The Legislature has created 21 exceptions to the confidentiality provisions and there is no specific exception carved out for the district attorney in SVP proceedings. As indicated in the companion Sporich case, the trial court has no power to create discovery rights not afforded by statute. (Sporich, maj. opn. at pp. 426-427, 91 Cal.Rptr.2d 752.)

As in Sporich, there is no obvious answer to this dispute until one is created by the Legislature. We once again, take the statute as we find it. (Sporich, maj. opn. at pp. 426-427, 91 Cal.Rptr.2d 752.) We do point out that even the Department of Mental Health recognizes that some consultations with patients are confidential and others are not. As indicated in Sporich, in the "Notification of Evaluation as a Sexually Violent Predator," the evaluating doctors give express written notice that "the purpose of this examination is not treatment." (Sporich, Appen. A, para. 1, at p. 430, 91 Cal.Rptr.2d 752.) This serves as a warning to the suspected SVP that statements made to the evaluator are not confidential. This is to be contrasted with other consultations where treatment is provided and which is presumptively confidential.

As indicated, section 5328 provides for confidentiality of records obtained in the course of providing services. There is one theoretical vehicle for disclosure to the People: Section 5328, subdivision (f) allows disclosure "[t]o the courts, as necessary to the administration of justice." Thus, there is no impediment to petitioner's mental health files being transmitted to the trial court.

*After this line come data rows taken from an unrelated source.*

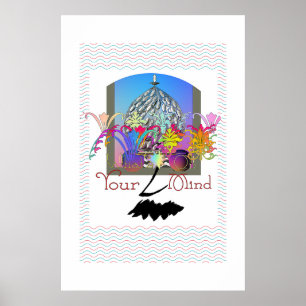 Póster ¿Qué tienes en mente? Poster + Mat de entrada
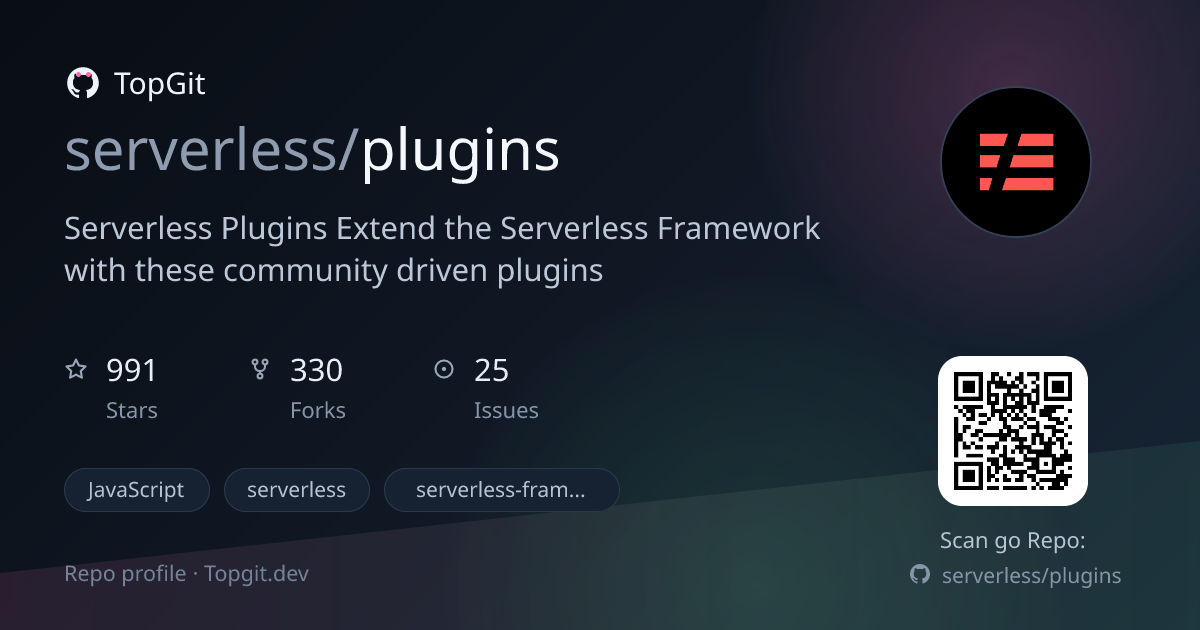 TopGit repo profile image for serverless/plugins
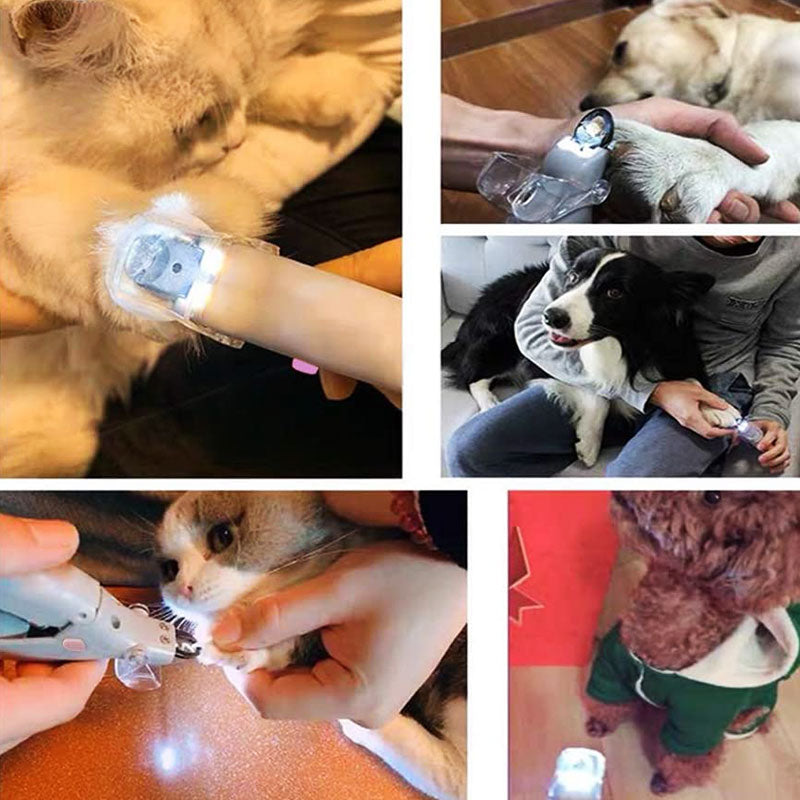 Cortaúñas para perros con luz de seguridad y sensor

Thereafter, disclosure could be made to the People if such were "necessary to the administration of justice.".

We need not decide whether the trial court's order also impinged upon the patient-physician and patient-psychotherapist privileges. (Evid.Code, §§ 994, 1014.) Those issues were not ruled upon by the trial court. We do observe, however that these privileges operate wholly independent of the confidentiality provisions of section 5328. (People v. Pack (1988) 201 Cal.App.3d 679, 684, 248 Cal.Rptr. 240; Gilbert v. Superior Court (1987) 193 Cal. App.3d 161, 238 Cal.Rptr. 220; Boling v. Superior Court (1980) 105 Cal.App.3d 430, 443, 164 Cal.Rptr. 432.) Whether these privileges have any application in SVP proceedings is a matter which should be determined in the first instance by the Legislature. (See Evid.Code section 1017 subd. (b) [no patient-psychotherapist privilege in mentally disordered offender proceedings].)

The only matter which we must decide and which we do decide is that the Department of Mental Health should not directly transmit petitioner's mental health records to the district attorney in SVP proceedings. To the extent that these mental health records are generated in the course of providing mental health services, i.e. treatment, they are confidential within the meaning of section 5328.

Let a writ of mandate issue commanding respondent court to set aside its orders requiring further mental health examinations and allowing the district attorney to have direct access to petitioner's mental health records. The subpoena duces tecum is quashed and the district attorney is ordered to return the subpoenaed records to the Department of Mental Health.

GILBERT, P.J., and COFFEE, J., concur.

NOTES

[1] All further statutory references are to the Welfare and Institutions Code. Section 5328 states: "All information and records obtained in the course of providing services under Division 4 (commencing with Section 4000), Division 4.1 (commencing with Section 4400), Division 4.5 (commencing with Section 4500), Division 5 (commencing with Section 5000), Division 6 (commencing with Section 6000), or Division 7 (commencing with Section 7100), to either voluntary or involuntary recipients of services shall be confidential. Information and records obtained in the course of providing similar services to either voluntary or involuntary recipients prior to 1969 shall also be confidential."